A blog for the DS (but you can read it too)

May 29, 2008 Leave a comment
 
Background for anyone who isn’t the DS:
 
During one of the DS’s many moves last year, we went to Canadian Tire to pick up some rubbermaid bins. She had looked through the flyer and they were on sale there. Great! Good shopping. (What else would you expect from a femme?) Also in the flyer was a Mastercraft 5 piece locking plier set. It was regular $39.99 and now on for $9.99. She REALLY wanted to buy them. I did not think she needed them.
 
In the store, we put a bunch of bins in a cart and proceeded to the checkout. On the way, we passed a pile of plier sets. The DS wanted to buy them. I did not. We debated this purchase extensively. I put my foot down. "No – you do not need these."
 
We bought our bins and went to her place.
 
Upon unpacking, I found a Mastercraft 5 piece locking plier set. She had put them in a bin and I hadn’t noticed. Which also meant we hadn’t paid for them. Ugh.
 
So of course, the femme got her way. No surprise really. Then we broke up (not right away though, nor was it a result of this incident).
 
Anyway, on Tuesday, I went to a training course to certify me in BW Defender (air monitor) operation and maintenance. This is a one day course I needed to take for work. After we wrote the exam, all attendees got a "door prize".
 
Mine was the Mastercraft 5 piece locking plier set.

This may kill me.

April 17, 2008 Leave a comment
 
I went out to dinner with my friend, J. I dated J for 30 seconds about 5 years ago.

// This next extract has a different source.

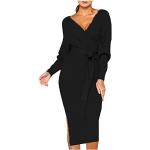 Schwarze Elegante Langärmelige Rundhals-Ausschnitt Kaschmir-Pullover aus Wolle für Damen Größe 3 XL für den für den Herbst 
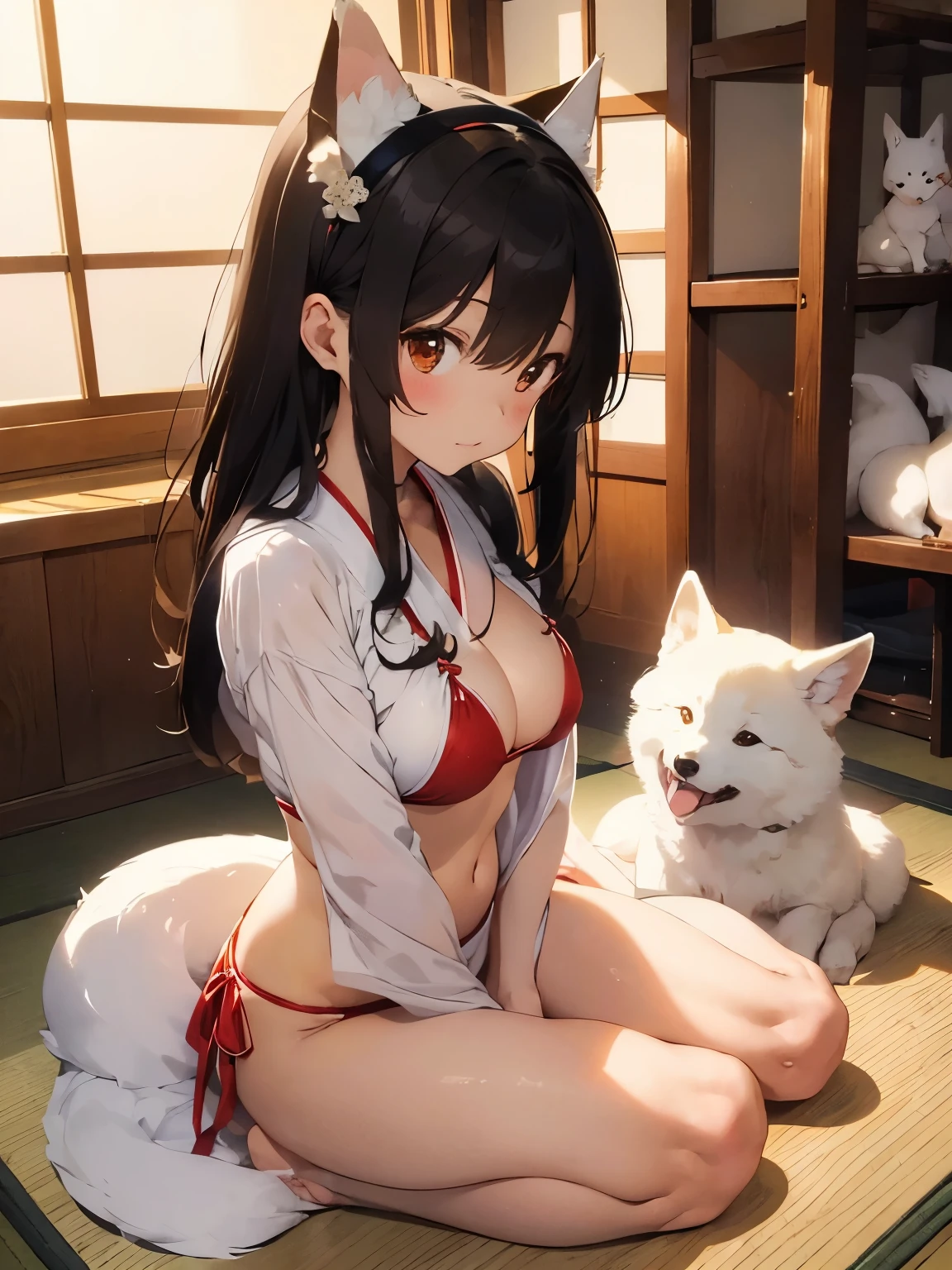 Cute illustration、(1Woman with dark hair、length hair、slim figure、skinny face、brown fox ear headband、Shrine maiden style bikini)、(Holding a large pure white Shiba Inu)、Very embarrassing、Sitting position holding your knees、traditional Japanese room、Lighting from the side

We have been friends ever since.
 
J had a breakup about a year ago and has since recovered beautifully. She is now dating a butch she really loves and is trying to ensure that I, too, find someone equally amazing – only in a femme version. I have been telling her that I have exhausted the Toronto pool of femmes and there are none left. She insists I haven’t. I have been telling her there are no sane women. She insists there are.
 
J believes (and J&C will likely agree… as will Stella probably) that I just don’t have a good enough screening process. Consequently, J has volunteered to screen women for me. She insists she will find me the perfect woman by the end of the summer. I’ll take that bet. Now she is actively recruiting femmes on my behalf. I just have to promise to go on a date with the ones she sends to me. This could be very interesting. But I don’t think she’ll be successful finding me someone.
 
But if she is, I’m hiring her to recruit technicians for me too.

The Oprah List

April 12, 2008 1 comment
 
In an Oprah magazine I read a couple of months ago, they had a story about a woman who made a list of 100 things she wanted in her ‘soul mate’. Then a couple of years later, she met a guy and he turned out to have 98 of those 100 traits.
 
As I am single, I decided to make this list of 100 things I want my partner to be in a perfect world. It’s harder than it looks by the way. And I don’t NEED all the things in that list, but if the universe is going to give me EXACTLY what I want, I want all 100 of those things.
 
Then I looked at the list to see how well my last two relationships fit that list. One had 53 of the items and one had 62. I’m not saying which is which. If I combined my two exgfs (something I’ve always mentioned wanting to do), the combined woman would have 85 of the items.
 
So I’ve decided I need to find a woman that has the remaining 15 items then have a three-woman harem. That’s my long term dating plan. I figure it took me 10 years to find 85% of the harem so I should be able to achieve my 100% version in 1 year, 9 months and 18 days.

Opinions?

August 23, 2007 1 comment
 
As many of you know, since I moved to Toronto I have been trying to find more friends. Friends like Andrew and J&C who I had in Edmonton. I saw them at least once week and it didn’t even have to be to do anything – we could just chat or watch TV.
 
Most of my friends here in Toronto are exgirlfriends, which is fine, but they aren’t as available as Andrew and J&C.
 
So I’ve been trying to find queer women to hang out with and whom I haven’t dated. It’s harder than it sounds. I’ve been trying for probably 4 years.
 
Anyway, about a month ago, I was exchanging emails with a woman from Halifax. I didn’t think she’d be a close friend I could watch TV with (because she’s in Halifax), but she was very intelligent, wrote entertaining emails and we seemed to have an easy and interesting email exchange going. The whole time I was perfectly clear that I was only looking for something platonic.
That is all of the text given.